DIRECTIONS FOR THIS TASK
Every line from the one containing "Peugeot 208 Hatchback, Petrol, 2016, Grey" to the end of the data below should be copied exactly, but pictures should not.

DATA
────────────────────
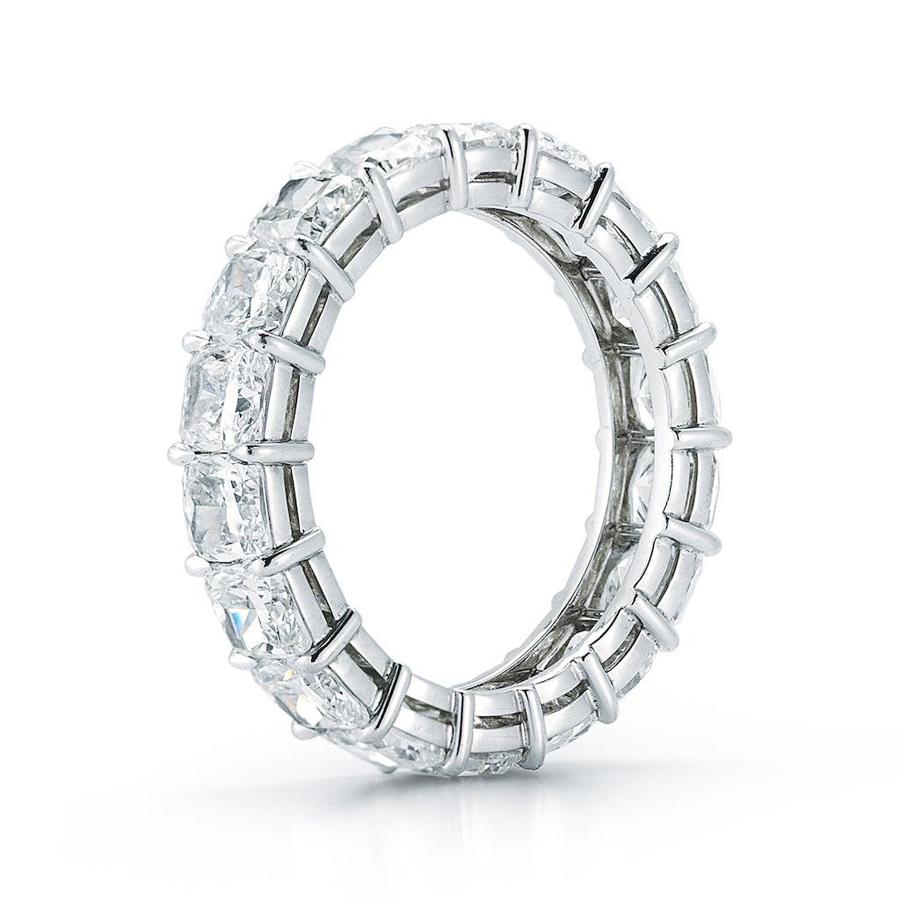 Un bracelet d'anniversaire moderne en diamant taille coussin pour l'éternité. Les 17 diamants brillants de taille coussin créent un design continu et époustouflant. Le cadeau idéal pour l'amour éternel. Fabriqué à la main en platine pour durer des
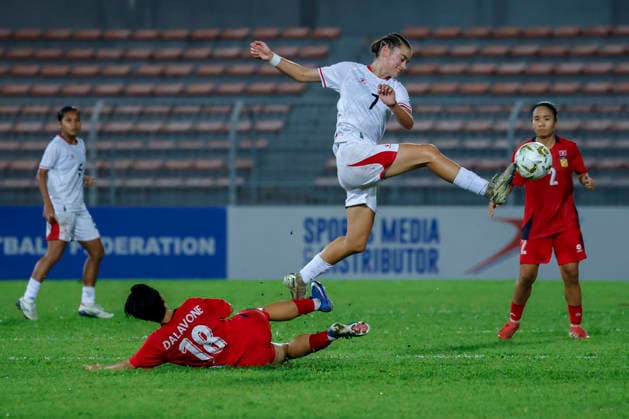 AFF Women s Cup 2026 Indonesia Vs Laos in Kuala Lumpur, Malaysia - 22 JULY 2026. Felicia de Zeeuw of Indonesia and Dalavone Sophapmisay of Laos seen in action during the AFF Women s Cup 2026 Final match between Indonesia and Laos at Kuala Lumpur Football Stadium. Final score; Indonesia 5 : 0 Laos. Kuala Lumpur Malaysia Copyright: xWongxFokxLoyx xSOPAxImagesx 20260722_AFW_2657 copy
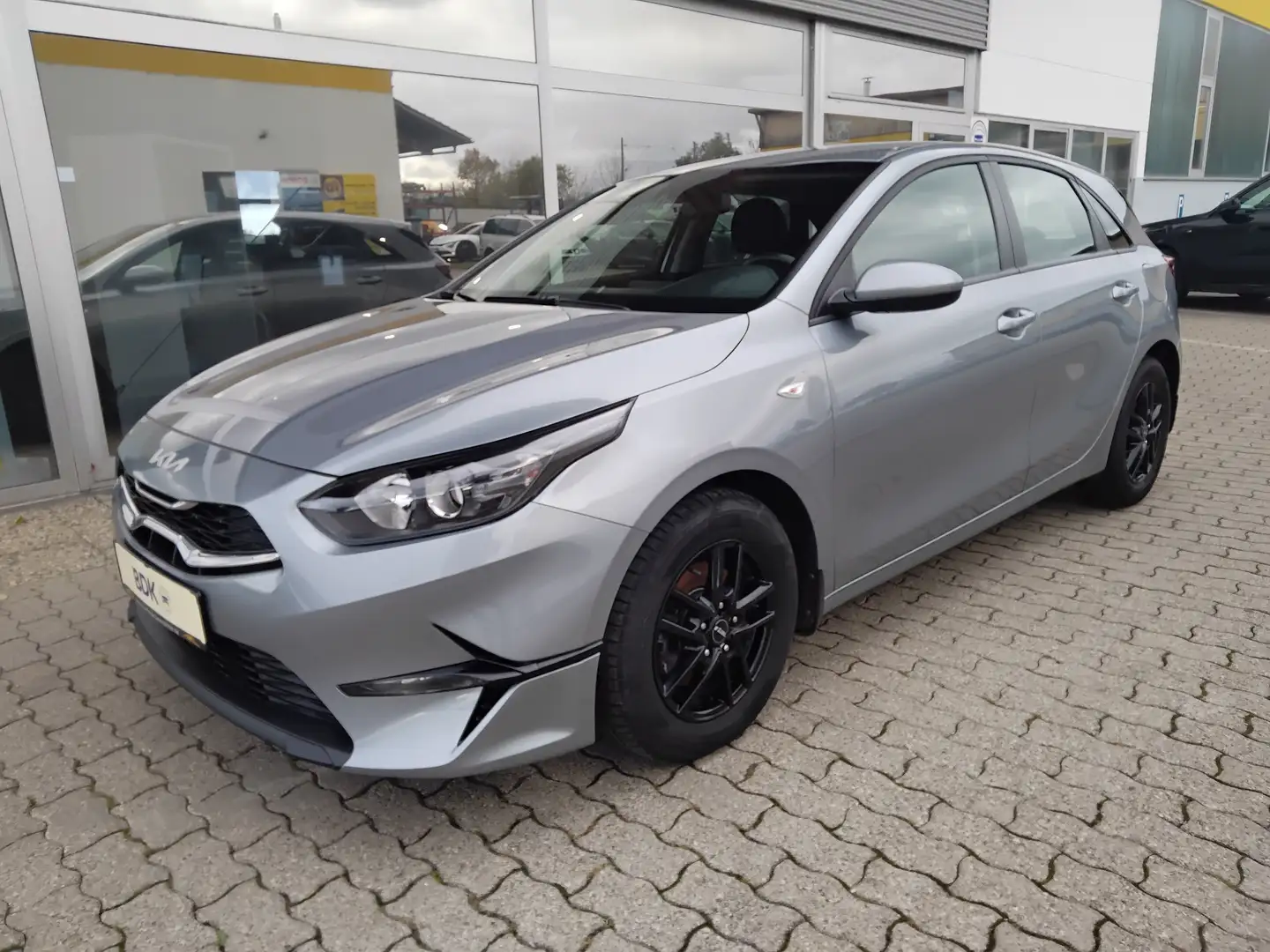 Kia Ceed / cee'd Spirit Grau - 1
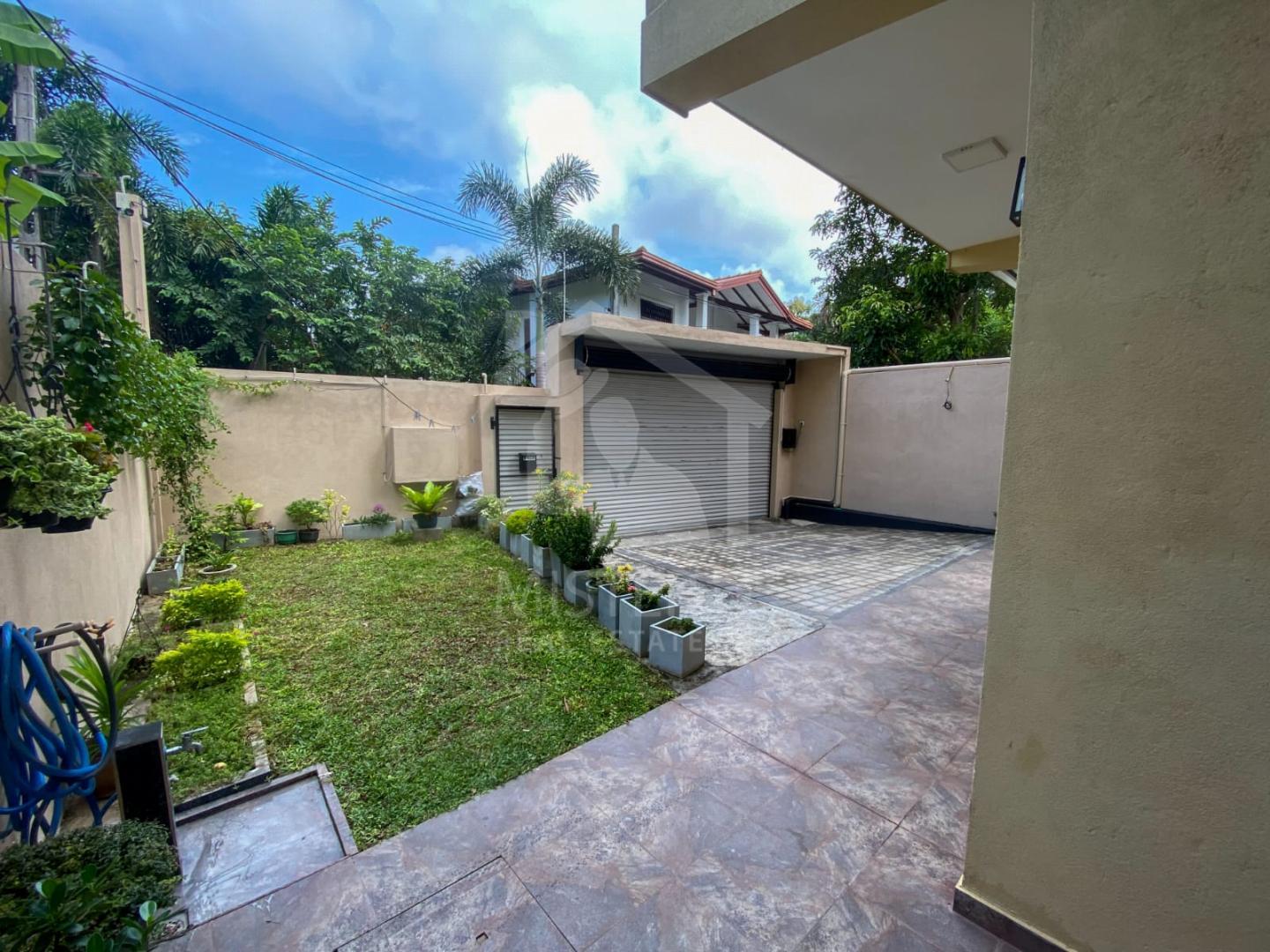 House for sale in Ja-ela- image 9
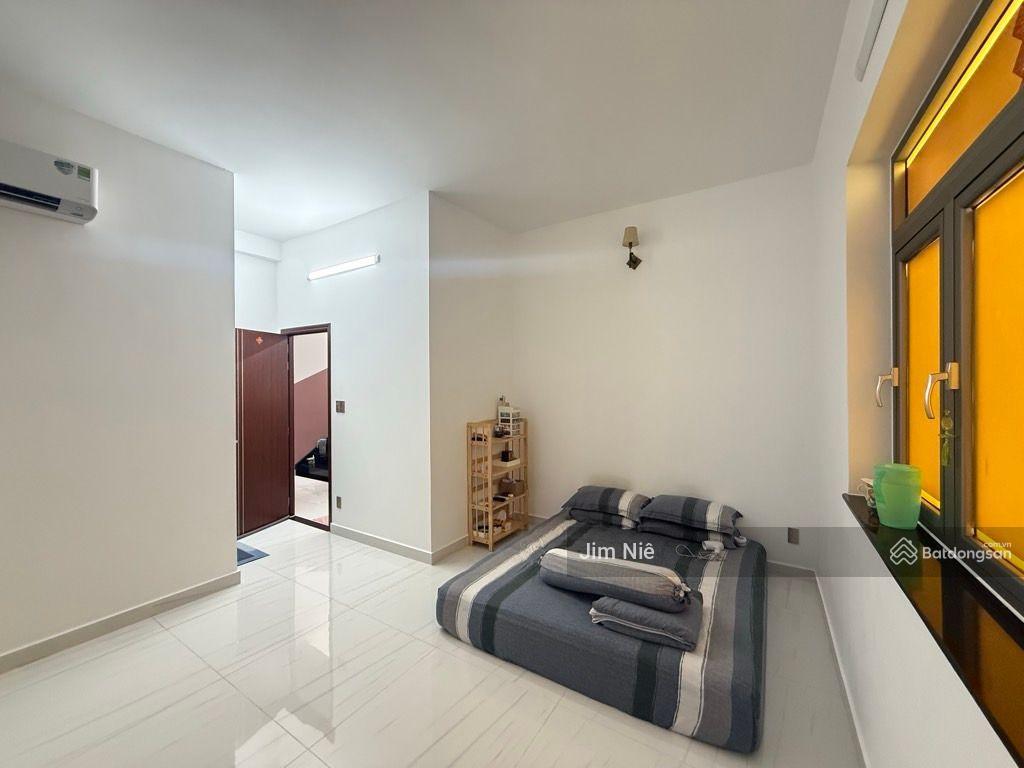 Bán gấp nhà 4 tầng  ngang 8m  vòng xoay phú lâm  tặng nội thất  sổ hoàn công.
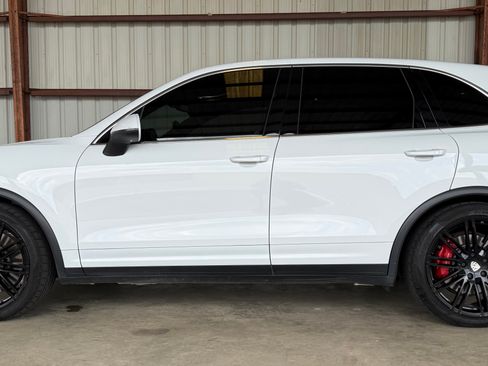 Used 2017 Porsche Cayenne AWD/4WD image 4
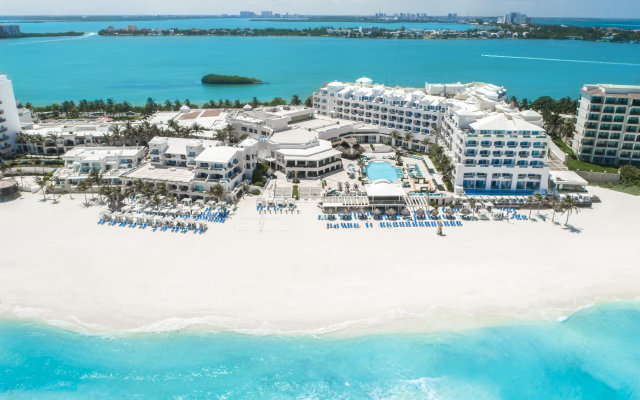 Wyndham Alltra Cancun All Inclusive Resort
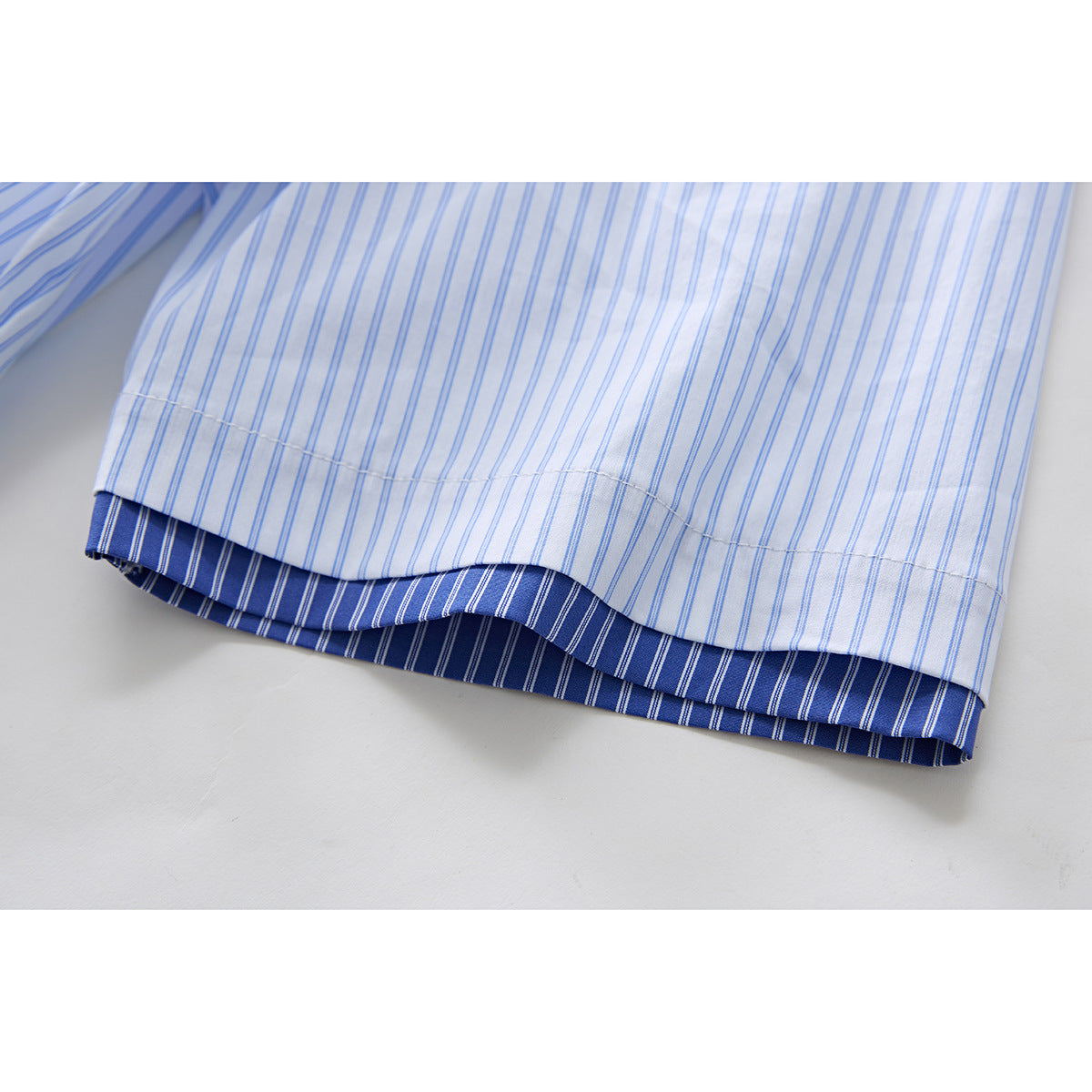 Blau gestreiftes Button-up-Hemd für Herren mit entspanntem Schnitt
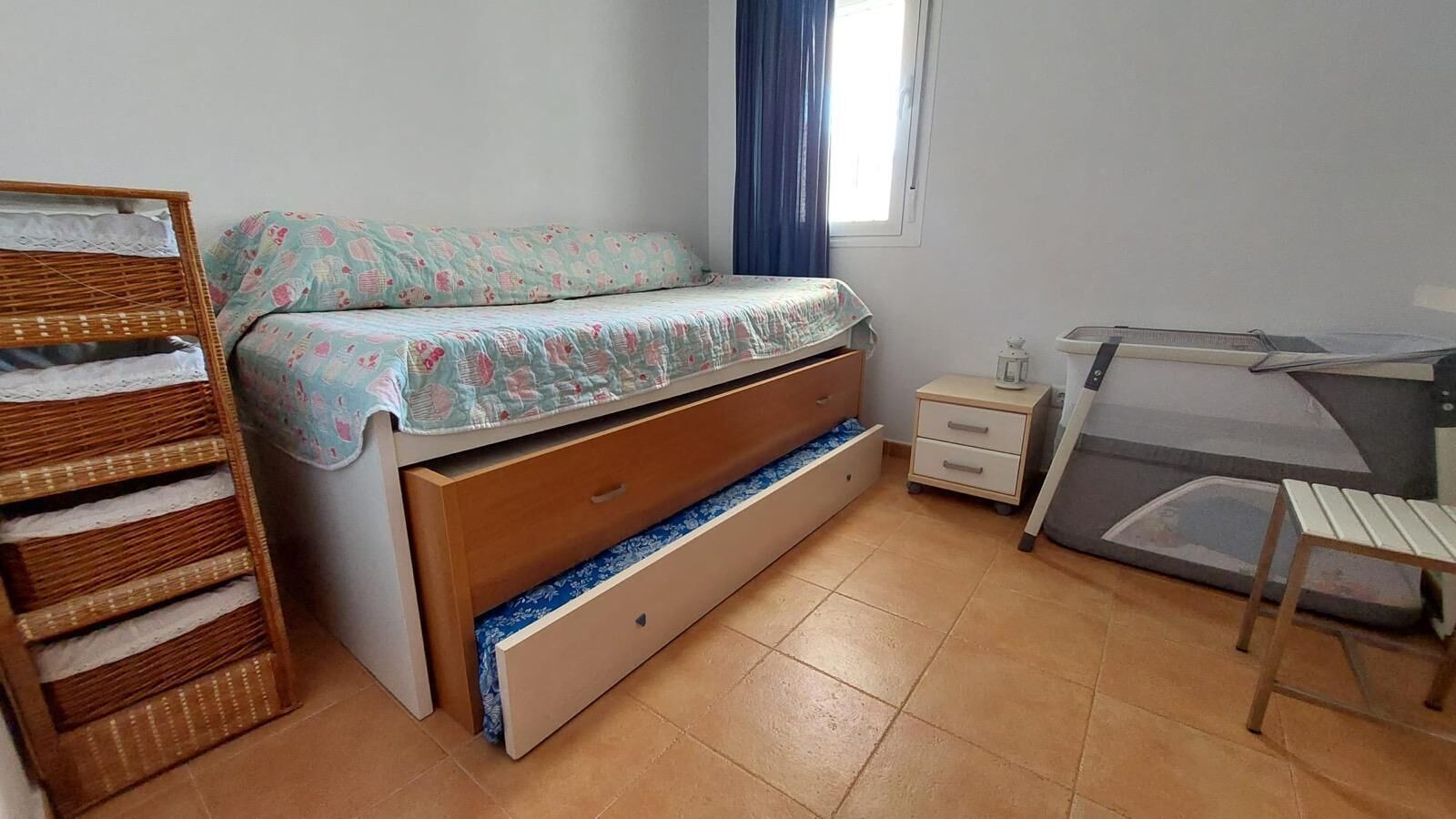 2 bedrooms, iron/ironing board, bed sheets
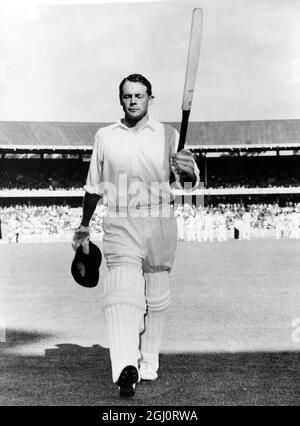 Le Rév David Sheppard ( Angleterre ) fait passer sa chauve-souris à la foule , en reconnaissance des acclamations de son siècle . Test Match - dernier jour - Angleterre v Australie , Melbourne , Australie . 7 janvier 1963 Banque D'Images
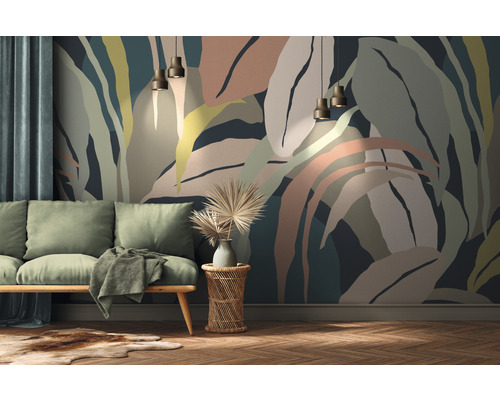 Wohnzimmer mit Pflanzenmuster Tapete, Sofa, Beistelltisch und Pendelleuchten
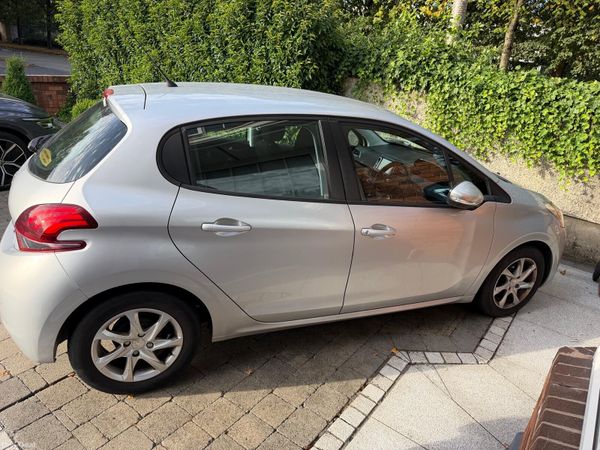 Peugeot 208 Hatchback, Petrol, 2016, Grey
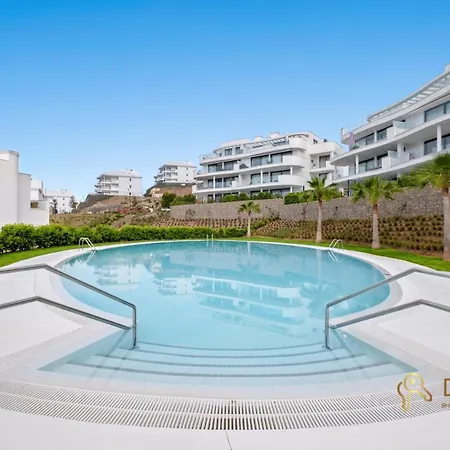 In Higueron West With Garden Fuengirola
────────────────────
REPLY
 Peugeot 208 Hatchback, Petrol, 2016, Grey
 In Higueron West With Garden Fuengirola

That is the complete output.